SWR4 Abendgedanken

SWR4 Abendgedanken

Jedes Mal hat er es gesagt, der alte Herr, wenn wir uns voneinander verabschiedet haben. Dieses eine Wort: Freunde. Und sein Gesicht hat richtiggehend geleuchtet dabei. Weil es ihm so wichtig war. Mehr noch, es war ihm heilig. Nicht das Wort, sondern die Tatsache: dass er und ich nicht bloß bekannt miteinander waren, flüchtig und beiläufig, wie das bei Menschen eben manchmal ist, sondern dass wir in echter Freundschaft verbunden waren. Hellmut hätte leicht mein Vater sein können, war über vierzig Jahre älter als ich, weit gereist, belesen. Er ist einst ein hoher Staatsbeamter gewesen und vielfach ausgezeichnet. Aber das alles hat überhaupt keine Rolle gespielt für ihn im Vergleich mit jener Nähe unserer Herzen, die im Laufe der Jahre entstanden war. Auf die kam es ihm an, die hat er für wertvoll gehalten: Seine Freundschaften mit mir und etlichen anderen Personen. Freundschaft war so etwas wie das Leitmotiv seiner letzten Jahre. Hellmut hat seine Freundschaften gepflegt, weil sie das Wesentliche waren, das ihm geblieben ist, und was sein Leben auch mit über neunzig Jahren und den dazu gehörenden Gebrechen schön und lebenswert gemacht hat. Für ihn muss das ein unbeschreibliches Glück gewesen sein, hinter dem alles Übrige zurück getreten ist. Ob das der Grund ist, warum ich mich nicht an eine einzige traurige oder resignierte Begegnung erinnern kann?
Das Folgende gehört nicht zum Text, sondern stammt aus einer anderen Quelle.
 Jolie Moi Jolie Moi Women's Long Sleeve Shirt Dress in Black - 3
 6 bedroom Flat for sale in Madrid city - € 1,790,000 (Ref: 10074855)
Und ich? Ich habe manchmal gemerkt, dass ich noch nicht an dieser Stelle meines Lebens bin, wo es darum geht, sich ganz aufs Wesentliche zu konzentrieren. Da gibt es immer noch den Beruf mit seinen Aufgaben. Die Rente ist weit und der Tod vermeintlich noch viel weiter. Aber dass meinem väterlichen Freund die Freundschaft mit mir so wichtig war, das hat mir schon zu denken gegeben. Es hat meine eigenen Prioritäten auf den Prüfstand gestellt. So dass ich mich gefragt habe: „Nimmst Du Dir genug Zeit für die Menschen, die Dir wichtig sind? Oder meinst Du, das sei alles selbstverständlich?“ Wer einmal so glücklich bleiben will wie Hellmut muss etwas dafür tun, muss offen bleiben, muss Liebe geben und nehmen können. Er konnte das. Und das hat noch mit einer anderen Freundschaft zu tun gehabt. Hellmut hat immer von Jesus als seinem „Kumpel“ gesprochen. Auch da im Glauben, der für ihn selbstverständlich war, den er keinem aufgedrängt hat - noch einmal: das Motiv des Freundes. Wir mussten das auch nicht vertiefen. Ihm reichte das Gefühl, die emotionale Gewissheit: Jesus ist mein Freund, und wenn’s drauf ankommt, kann ich mich auf ihn verlassen. Auch für die Frage, was nach dem Tod kommt, hat ihm das gereicht.

Vor vier Wochen habe ich Hellmut beerdigt. Einen Freund zu verlieren, ist schwer. Aber Hellmut hat es seinen Freunden leicht gemacht. Es ist schön zu wissen, wie das geht.